После этого монолога императора мы завели разговор о Талейране. «Когда я вернулся из Италии, — стал рассказывать Наполеон, — я стал жить в небольшом доме на улице Шантерен. Через несколько дней после этого муниципалитет Парижа постановил, чтобы эта улица стала называться улицей Победы. Каждый человек считал своим долгом от имени всей нации выразить мне чувство благодарности. Было предложено предоставить в моё распоряжение один из лучших отелей Парижа и великолепное загородное поместье. Хотя я в течение двух лет содержал армию и выплачивал ей денежное содержание и даже выплатил ее задолженность за некоторое время вперед, а также внёс в казначейство Франции более тридцати миллионов, на моём счету едва набралось триста тысяч франков. Однако Директория, вероятно, из чувства ревности не дала своего согласия на моё материальное вознаграждение, заявив, что мои услуги перед республикой таковы, что они не могут быть вознаграждены деньгами. Представители всех слоев общества хотели встретиться со мной. Энтузиазм достиг своего апогея. Я, однако, редко общался с кем-либо, за исключением Клебера, Дезэ, Каффарелли и некоторых учёных. Директория устроила в мою честь великолепное празднество. Талейран, бывший тогда министром иностранных дел, дал в мою честь бал. И на этом и на другом празднестве я задерживался лишь на короткое время. Вскоре после этого я был назначен командующим армией Англии, но на самом деле эта армия получила такое название, чтобы ввести в заблуждение ваших министров, так как истинной целью этой армии был Египет.

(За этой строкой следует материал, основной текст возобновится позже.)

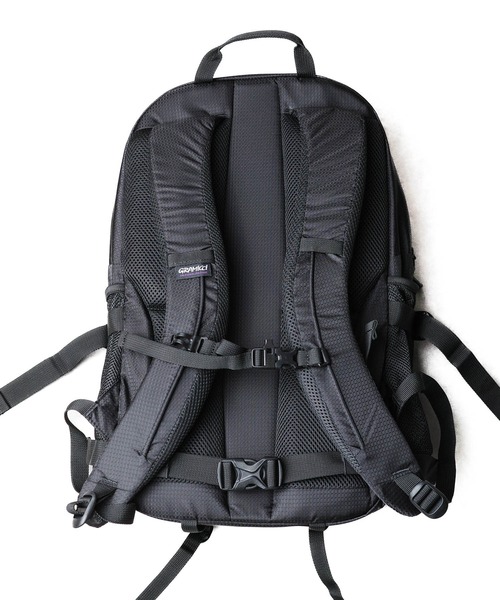 Gramicci（グラミチ）の「【GRAMICCI】DAY PACK 25L（ショルダーバッグ・メンズ・オリーブ/ブラック・FREE）」の3枚目の写真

Во время революции Талейран был епископом Отанским и являлся одним из трёх епископов, которые присягнули на верность гражданской конституции духовенства. После этого он был послан в Англию, но в разгар революции к нему стали относиться с подозрением, и он сбежал в Америку, где оставался до 13 вандемьера, когда его имя было вычеркнуто из списка эмигрантов. Ему удалось добиться доверия Директории, он получил пост министра иностранных дел и в этом качестве стал поддерживать со мной постоянный контакт. Именно тогда вошло в обычай праздновать годовщину казни Людовика Шестнадцатого. Талейран настаивал на том, что я обязан присутствовать на этом праздновании. Я отвечал: у меня нет общественных функций; мне не нравится присутствовать на церемониях празднеств; празднествами отмечаются победы, но павшие на полях сражений оплакиваются слезами; празднование годовщины смерти человека не должно становиться политической акцией правительства, это дело отдельной политической фракции.

Талейран же утверждал, что это справедливая акция, потому что она имеет политический аспект, что все страны с радостью отмечают смерть тиранов и общественность ожидает моего присутствия на церемонии празднества. После долгого спора было решено, что на церемонии празднества будут присутствовать члены Французского института, которых я должен сопровождать в качестве члена сословия ремесленников, к которому я принадлежал. Хотя я и стремился избежать внимания публики, но большинство присутствовавших на церемонии празднества, не проявивших интереса к членам Директории, требовало моего выхода на авансцену и, когда я там появился, огласило весь зал криками: «Да здравствует генерал армии Италии!» Ещё никогда, — добавил он, — не было генерала, которого так любили его войска.

Чтобы продемонстрировать вам то доверие, которым я пользовался в армии, — продолжал он, — мне достаточно только рассказать вам об одном событии, которое войдёт в историю. Через шесть дней после моей высадки в Канне передовой отряд моей маленькой армии встретился лицом к лицу с авангардом дивизии, высланной против меня из Гренобля. Камбронн, командовавший моим передовым отрядом, хотел обратиться к солдатам дивизии из Гренобля, но они не захотели слушать его. Они также отказались принять Рауля, которого я послал вслед за Камбронном. Когда мне сообщили об этом, я сам вышел к ним, приказав моим солдатам взять ружьё под левую руку и повернуть дулом в землю, и сказал остановившимся солдатам Гренобля: «Первый же солдат, который захочет этого, может выйти вперёд и убить своего императора!» Мои слова подействовали подобно электрическому шоку, и возглас «Да здравствует император!» прогремел в рядах встречавших меня солдат; они и солдаты моего отряда бросились друг к другу в объятия, высланная против меня дивизия присоединилась ко мне, и мы вместе двинулись в Гренобль.